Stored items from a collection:
== Segment start ==

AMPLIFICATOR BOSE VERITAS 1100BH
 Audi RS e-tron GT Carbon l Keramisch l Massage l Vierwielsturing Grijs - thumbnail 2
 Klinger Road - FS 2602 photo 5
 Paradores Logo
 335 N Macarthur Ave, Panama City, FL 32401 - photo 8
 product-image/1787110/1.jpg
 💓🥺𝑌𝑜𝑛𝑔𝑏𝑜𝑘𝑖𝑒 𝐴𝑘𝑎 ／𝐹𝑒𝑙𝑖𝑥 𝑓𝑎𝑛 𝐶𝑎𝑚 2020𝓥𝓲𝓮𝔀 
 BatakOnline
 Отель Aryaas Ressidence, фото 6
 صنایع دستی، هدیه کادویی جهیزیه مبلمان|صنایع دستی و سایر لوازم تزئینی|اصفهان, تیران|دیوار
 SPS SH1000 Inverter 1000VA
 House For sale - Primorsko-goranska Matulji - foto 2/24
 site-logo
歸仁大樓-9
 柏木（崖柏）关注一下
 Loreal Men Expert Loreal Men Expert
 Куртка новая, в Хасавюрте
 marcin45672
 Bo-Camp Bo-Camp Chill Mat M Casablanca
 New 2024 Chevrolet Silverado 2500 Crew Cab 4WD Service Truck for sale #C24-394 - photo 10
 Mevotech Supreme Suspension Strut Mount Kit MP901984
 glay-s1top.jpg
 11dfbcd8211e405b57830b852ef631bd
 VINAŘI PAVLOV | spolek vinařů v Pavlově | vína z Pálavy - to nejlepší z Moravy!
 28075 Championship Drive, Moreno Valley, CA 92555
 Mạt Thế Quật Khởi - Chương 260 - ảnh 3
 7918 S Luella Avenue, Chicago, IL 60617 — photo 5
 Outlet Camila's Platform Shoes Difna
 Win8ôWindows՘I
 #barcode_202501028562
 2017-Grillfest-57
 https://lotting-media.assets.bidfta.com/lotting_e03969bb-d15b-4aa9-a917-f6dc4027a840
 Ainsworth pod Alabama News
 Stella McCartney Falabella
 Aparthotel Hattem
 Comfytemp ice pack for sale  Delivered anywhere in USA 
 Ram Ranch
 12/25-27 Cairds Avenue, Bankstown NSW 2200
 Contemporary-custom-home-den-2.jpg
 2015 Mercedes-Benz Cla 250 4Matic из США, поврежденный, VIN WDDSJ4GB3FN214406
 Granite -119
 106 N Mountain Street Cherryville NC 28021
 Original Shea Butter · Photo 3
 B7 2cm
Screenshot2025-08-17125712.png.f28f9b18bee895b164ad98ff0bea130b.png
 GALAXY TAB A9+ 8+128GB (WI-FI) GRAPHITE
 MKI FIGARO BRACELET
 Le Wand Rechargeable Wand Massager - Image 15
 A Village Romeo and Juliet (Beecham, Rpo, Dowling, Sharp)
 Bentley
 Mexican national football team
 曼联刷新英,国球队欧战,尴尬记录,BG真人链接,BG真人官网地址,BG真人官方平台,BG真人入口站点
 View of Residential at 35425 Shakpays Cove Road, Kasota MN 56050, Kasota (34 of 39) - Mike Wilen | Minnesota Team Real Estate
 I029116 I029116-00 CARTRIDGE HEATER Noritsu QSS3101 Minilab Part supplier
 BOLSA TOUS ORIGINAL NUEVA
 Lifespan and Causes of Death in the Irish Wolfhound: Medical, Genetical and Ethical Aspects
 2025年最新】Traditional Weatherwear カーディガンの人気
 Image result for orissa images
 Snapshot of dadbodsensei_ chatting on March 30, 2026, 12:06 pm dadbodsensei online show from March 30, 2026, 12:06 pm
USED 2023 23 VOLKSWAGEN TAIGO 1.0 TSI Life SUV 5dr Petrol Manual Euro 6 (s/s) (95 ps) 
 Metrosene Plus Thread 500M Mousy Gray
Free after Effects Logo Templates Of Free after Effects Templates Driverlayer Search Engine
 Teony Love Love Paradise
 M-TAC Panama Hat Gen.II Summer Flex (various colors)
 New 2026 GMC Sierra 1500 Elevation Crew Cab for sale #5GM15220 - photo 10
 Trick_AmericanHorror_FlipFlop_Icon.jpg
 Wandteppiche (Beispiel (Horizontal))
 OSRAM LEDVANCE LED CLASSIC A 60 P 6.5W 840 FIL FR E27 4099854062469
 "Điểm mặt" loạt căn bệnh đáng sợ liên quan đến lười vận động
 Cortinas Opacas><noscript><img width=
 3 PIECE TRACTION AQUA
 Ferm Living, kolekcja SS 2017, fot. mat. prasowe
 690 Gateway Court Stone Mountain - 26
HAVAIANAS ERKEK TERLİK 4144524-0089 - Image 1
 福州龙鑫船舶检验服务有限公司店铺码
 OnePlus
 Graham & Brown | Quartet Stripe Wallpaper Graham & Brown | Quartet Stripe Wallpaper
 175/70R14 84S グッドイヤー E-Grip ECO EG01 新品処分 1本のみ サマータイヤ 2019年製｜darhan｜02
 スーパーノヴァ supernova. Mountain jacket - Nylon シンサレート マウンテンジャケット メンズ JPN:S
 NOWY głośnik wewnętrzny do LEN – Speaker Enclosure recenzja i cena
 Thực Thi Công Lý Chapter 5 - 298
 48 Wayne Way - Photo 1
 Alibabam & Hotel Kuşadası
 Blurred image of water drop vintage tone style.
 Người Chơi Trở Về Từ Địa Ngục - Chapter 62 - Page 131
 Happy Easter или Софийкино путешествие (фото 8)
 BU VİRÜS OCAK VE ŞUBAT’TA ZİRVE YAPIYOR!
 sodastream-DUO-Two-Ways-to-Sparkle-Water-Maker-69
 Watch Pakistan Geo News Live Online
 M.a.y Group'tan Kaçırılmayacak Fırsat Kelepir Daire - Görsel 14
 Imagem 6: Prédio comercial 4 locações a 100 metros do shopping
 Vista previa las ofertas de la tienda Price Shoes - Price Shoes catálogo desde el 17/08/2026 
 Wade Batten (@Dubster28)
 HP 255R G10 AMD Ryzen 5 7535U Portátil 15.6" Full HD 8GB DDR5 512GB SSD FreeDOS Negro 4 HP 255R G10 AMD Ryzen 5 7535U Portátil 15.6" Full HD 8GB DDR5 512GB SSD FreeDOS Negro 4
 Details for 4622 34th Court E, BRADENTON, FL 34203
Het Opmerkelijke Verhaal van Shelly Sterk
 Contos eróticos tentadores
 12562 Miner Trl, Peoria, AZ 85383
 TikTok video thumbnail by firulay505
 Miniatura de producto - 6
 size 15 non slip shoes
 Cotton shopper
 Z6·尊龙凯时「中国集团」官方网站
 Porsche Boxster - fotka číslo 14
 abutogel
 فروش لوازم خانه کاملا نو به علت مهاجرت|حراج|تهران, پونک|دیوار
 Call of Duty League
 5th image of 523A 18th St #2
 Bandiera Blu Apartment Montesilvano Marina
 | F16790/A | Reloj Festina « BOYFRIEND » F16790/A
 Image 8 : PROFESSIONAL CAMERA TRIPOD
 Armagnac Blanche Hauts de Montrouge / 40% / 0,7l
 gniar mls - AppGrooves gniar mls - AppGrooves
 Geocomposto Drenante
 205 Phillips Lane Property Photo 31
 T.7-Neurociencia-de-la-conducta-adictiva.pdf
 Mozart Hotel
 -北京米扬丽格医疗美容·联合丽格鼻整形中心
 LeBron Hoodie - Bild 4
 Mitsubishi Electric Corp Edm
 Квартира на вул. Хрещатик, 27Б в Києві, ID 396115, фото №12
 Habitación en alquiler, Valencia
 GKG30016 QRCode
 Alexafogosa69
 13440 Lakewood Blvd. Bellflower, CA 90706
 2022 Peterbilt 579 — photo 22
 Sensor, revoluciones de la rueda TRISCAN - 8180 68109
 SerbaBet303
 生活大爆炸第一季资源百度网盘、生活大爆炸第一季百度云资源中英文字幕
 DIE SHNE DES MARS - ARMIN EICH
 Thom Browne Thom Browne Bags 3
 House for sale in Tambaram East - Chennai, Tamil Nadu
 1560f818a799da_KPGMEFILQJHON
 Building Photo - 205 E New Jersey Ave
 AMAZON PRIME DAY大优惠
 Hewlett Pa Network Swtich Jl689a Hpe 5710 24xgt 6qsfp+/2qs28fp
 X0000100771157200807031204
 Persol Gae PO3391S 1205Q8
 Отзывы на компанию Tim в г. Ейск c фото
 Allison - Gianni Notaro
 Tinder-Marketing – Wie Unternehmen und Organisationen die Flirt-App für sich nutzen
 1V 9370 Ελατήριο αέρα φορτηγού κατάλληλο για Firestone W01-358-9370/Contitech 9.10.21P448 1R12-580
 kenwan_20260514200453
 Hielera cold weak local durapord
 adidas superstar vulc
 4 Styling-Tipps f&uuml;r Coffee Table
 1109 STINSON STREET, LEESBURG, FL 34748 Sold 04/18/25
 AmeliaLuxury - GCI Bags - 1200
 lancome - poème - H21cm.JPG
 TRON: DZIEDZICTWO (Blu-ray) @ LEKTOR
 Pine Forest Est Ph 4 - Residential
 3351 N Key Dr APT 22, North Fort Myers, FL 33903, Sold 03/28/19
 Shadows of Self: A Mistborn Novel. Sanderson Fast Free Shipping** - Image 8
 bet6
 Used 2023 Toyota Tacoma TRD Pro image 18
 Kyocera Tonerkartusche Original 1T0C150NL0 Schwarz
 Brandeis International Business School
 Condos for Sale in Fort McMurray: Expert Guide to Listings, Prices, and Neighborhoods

== Segment end ==

PROBLEM TO SOLVE: Starting from the line with "AmeliaLuxury - GCI Bags - 1200" and ending with the final line of the data, quote every line exactly, both ends included.

YOUR SOLUTION:
 AmeliaLuxury - GCI Bags - 1200
 lancome - poème - H21cm.JPG
 TRON: DZIEDZICTWO (Blu-ray) @ LEKTOR
 Pine Forest Est Ph 4 - Residential
 3351 N Key Dr APT 22, North Fort Myers, FL 33903, Sold 03/28/19
 Shadows of Self: A Mistborn Novel. Sanderson Fast Free Shipping** - Image 8
 bet6
 Used 2023 Toyota Tacoma TRD Pro image 18
 Kyocera Tonerkartusche Original 1T0C150NL0 Schwarz
 Brandeis International Business School
 Condos for Sale in Fort McMurray: Expert Guide to Listings, Prices, and Neighborhoods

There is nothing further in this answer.